Work required
Each line from the start of the records through the line containing "24, GRANADA ROAD, HEDGE" is to be transcribed exactly, and no other line is to be included.

(Stored items)
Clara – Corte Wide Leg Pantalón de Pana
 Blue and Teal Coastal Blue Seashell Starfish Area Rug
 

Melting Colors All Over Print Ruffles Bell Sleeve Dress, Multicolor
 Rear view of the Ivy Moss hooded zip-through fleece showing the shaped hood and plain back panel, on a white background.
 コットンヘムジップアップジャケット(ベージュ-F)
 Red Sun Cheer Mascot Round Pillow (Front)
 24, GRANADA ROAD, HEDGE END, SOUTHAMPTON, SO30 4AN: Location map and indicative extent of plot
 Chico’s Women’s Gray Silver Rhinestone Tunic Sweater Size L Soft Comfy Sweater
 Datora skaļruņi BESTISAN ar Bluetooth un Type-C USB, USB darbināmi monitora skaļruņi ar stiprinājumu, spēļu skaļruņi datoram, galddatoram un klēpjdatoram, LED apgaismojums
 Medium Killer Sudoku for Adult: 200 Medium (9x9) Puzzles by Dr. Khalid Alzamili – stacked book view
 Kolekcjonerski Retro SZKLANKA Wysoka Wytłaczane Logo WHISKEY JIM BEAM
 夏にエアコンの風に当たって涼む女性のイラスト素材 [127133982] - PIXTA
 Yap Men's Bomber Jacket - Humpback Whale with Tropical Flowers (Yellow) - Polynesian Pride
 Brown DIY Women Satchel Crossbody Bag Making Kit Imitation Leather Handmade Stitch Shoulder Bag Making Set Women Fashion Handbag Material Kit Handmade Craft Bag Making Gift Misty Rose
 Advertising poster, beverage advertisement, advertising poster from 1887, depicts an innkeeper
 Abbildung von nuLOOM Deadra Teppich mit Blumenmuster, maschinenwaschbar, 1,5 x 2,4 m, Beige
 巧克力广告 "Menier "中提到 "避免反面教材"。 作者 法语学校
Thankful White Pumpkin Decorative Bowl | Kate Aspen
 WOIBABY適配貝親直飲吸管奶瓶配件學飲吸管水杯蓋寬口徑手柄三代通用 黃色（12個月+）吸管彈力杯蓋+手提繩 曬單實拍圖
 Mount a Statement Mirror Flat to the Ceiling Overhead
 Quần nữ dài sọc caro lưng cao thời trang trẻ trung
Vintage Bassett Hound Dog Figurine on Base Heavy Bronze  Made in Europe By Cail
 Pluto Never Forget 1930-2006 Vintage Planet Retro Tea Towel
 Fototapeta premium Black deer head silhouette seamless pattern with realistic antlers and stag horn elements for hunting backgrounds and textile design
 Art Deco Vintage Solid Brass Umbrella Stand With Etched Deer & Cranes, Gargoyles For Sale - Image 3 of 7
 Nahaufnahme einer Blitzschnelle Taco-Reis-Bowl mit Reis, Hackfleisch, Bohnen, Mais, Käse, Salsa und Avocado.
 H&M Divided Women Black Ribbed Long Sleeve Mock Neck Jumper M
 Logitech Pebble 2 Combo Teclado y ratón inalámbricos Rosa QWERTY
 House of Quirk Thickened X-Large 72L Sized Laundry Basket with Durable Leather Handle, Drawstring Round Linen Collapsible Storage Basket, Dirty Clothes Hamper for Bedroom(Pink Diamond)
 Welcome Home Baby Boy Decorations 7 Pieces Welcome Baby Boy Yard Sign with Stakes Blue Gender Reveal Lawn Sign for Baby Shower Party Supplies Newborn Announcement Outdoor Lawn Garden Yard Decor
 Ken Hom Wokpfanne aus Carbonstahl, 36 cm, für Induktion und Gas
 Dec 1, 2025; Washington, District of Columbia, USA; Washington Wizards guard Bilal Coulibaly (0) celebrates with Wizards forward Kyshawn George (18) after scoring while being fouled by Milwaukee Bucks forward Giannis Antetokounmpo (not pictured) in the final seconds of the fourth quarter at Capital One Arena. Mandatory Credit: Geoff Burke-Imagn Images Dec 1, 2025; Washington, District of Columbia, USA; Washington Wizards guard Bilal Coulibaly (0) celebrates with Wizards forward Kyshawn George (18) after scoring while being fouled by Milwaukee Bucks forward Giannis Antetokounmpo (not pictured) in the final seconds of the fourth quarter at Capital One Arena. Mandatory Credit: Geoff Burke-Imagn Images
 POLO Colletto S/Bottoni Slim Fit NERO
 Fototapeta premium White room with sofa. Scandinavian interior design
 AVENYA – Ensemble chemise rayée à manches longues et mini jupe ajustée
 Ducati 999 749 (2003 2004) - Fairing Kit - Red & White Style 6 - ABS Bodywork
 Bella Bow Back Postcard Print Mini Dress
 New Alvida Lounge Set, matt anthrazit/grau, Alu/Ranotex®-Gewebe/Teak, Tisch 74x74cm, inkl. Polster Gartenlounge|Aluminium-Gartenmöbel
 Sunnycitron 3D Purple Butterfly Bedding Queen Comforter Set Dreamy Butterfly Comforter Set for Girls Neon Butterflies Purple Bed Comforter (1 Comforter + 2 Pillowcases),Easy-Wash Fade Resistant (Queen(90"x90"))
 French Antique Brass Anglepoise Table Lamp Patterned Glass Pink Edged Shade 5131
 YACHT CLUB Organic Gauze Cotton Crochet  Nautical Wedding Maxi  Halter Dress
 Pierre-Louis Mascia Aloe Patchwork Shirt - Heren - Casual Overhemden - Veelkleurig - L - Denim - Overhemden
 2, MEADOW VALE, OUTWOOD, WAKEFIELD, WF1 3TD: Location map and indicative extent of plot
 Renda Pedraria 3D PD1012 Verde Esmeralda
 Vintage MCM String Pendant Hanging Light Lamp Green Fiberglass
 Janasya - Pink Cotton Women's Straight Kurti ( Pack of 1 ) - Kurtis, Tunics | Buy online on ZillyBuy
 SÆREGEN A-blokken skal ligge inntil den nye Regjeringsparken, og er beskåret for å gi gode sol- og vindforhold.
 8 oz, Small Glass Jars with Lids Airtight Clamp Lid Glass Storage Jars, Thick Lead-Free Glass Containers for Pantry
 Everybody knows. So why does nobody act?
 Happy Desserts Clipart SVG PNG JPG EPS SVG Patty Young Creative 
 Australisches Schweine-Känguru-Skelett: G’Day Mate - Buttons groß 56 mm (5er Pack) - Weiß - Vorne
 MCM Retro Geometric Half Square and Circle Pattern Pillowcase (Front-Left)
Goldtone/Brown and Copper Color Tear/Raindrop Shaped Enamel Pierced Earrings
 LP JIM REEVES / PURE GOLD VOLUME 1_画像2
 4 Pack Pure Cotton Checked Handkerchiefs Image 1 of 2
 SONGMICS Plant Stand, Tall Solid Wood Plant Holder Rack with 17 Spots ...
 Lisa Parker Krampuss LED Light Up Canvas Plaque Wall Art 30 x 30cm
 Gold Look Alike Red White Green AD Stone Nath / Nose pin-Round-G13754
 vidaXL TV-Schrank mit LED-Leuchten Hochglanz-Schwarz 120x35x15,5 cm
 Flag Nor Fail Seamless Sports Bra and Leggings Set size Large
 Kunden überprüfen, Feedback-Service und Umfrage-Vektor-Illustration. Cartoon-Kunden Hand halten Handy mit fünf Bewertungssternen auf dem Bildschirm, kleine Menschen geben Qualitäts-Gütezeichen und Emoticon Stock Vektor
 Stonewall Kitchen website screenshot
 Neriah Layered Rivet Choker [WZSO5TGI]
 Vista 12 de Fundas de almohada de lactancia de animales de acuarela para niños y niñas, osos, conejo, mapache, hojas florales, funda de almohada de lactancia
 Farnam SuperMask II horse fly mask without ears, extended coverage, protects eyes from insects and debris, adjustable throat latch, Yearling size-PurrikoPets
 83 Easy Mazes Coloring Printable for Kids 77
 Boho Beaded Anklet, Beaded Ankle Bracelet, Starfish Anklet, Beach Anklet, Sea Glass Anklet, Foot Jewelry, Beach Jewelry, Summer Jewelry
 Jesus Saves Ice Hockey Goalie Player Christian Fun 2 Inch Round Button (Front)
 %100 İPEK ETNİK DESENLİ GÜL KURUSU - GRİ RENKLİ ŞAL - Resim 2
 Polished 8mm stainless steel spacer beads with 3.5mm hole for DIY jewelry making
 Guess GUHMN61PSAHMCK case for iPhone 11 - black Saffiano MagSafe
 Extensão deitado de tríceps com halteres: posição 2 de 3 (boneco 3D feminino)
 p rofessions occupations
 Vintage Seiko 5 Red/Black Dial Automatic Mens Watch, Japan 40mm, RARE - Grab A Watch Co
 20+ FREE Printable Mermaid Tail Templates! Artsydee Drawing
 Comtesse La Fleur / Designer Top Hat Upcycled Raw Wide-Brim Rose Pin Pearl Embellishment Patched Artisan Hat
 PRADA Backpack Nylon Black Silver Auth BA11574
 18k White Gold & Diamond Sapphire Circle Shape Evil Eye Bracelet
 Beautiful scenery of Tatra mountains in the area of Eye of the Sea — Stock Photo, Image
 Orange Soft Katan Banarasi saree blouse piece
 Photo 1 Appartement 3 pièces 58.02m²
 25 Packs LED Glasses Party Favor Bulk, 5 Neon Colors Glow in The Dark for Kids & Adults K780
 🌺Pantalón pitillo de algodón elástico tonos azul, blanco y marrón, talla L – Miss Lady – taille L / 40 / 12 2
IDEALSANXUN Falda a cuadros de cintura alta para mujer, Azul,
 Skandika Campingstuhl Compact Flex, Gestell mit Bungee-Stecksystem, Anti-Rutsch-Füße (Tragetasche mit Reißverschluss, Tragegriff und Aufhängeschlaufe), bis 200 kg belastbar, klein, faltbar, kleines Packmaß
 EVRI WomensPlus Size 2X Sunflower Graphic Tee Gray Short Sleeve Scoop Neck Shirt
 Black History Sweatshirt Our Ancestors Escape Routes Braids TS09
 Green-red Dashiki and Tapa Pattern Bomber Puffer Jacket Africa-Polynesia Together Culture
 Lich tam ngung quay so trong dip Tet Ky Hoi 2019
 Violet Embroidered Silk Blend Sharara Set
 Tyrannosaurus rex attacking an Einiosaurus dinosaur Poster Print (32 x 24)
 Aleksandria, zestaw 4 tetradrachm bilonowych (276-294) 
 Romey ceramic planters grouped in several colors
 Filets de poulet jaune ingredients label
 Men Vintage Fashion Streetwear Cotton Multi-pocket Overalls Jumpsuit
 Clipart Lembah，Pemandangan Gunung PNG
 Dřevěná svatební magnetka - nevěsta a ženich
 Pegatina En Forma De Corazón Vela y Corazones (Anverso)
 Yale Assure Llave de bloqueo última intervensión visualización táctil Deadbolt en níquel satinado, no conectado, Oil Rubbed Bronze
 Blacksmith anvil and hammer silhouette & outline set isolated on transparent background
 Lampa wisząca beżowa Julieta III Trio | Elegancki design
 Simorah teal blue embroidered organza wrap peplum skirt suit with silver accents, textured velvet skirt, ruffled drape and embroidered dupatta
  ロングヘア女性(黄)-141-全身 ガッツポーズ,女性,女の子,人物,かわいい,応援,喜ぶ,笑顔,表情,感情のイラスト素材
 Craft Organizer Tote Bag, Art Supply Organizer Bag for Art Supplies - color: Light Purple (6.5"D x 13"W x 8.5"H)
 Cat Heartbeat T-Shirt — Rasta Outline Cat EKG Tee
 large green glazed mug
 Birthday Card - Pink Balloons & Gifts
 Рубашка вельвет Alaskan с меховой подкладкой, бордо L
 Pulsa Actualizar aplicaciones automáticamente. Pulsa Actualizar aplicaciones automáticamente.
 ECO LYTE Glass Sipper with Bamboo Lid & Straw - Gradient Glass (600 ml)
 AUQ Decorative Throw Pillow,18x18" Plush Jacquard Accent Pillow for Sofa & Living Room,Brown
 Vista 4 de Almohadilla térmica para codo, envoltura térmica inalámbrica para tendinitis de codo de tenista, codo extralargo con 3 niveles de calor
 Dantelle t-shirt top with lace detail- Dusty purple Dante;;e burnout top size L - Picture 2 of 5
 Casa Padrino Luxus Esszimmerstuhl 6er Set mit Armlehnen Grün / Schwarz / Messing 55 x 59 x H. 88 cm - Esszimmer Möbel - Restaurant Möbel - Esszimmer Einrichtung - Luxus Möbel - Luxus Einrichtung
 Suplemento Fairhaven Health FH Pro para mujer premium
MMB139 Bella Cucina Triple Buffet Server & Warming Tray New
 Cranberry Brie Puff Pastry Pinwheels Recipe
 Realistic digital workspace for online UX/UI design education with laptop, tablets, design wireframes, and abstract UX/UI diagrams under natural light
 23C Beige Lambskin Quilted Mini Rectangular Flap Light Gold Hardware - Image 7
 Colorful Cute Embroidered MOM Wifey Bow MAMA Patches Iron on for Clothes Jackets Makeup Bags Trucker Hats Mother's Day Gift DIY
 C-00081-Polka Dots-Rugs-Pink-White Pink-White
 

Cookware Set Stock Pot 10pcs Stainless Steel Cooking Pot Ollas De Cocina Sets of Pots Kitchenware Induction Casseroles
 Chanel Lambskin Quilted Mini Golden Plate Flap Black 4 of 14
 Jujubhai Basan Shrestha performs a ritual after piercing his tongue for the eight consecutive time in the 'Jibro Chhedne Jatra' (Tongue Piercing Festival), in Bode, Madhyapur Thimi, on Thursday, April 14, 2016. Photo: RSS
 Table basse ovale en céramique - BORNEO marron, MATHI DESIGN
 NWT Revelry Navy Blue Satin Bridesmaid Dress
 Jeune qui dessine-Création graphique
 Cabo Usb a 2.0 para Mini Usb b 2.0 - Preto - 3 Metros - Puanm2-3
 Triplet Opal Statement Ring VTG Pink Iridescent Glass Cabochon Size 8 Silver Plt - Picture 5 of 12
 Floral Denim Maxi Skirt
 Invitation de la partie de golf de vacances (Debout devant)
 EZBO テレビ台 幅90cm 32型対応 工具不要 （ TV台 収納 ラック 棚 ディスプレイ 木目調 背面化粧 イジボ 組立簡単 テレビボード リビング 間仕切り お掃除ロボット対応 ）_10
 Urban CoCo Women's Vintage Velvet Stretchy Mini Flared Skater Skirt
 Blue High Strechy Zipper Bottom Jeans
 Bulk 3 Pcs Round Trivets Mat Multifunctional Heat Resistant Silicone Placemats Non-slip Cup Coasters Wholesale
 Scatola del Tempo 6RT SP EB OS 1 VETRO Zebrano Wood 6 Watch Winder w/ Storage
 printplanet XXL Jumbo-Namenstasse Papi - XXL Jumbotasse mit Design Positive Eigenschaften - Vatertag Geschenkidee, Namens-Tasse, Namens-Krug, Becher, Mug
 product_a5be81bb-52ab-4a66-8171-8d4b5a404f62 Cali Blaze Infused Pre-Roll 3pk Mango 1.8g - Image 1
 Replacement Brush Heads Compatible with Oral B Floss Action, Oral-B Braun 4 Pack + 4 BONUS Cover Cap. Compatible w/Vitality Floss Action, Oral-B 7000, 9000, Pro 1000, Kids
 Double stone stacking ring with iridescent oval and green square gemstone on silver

Reply to the exercise
Clara – Corte Wide Leg Pantalón de Pana
 Blue and Teal Coastal Blue Seashell Starfish Area Rug
 

Melting Colors All Over Print Ruffles Bell Sleeve Dress, Multicolor
 Rear view of the Ivy Moss hooded zip-through fleece showing the shaped hood and plain back panel, on a white background.
 コットンヘムジップアップジャケット(ベージュ-F)
 Red Sun Cheer Mascot Round Pillow (Front)
 24, GRANADA ROAD, HEDGE END, SOUTHAMPTON, SO30 4AN: Location map and indicative extent of plot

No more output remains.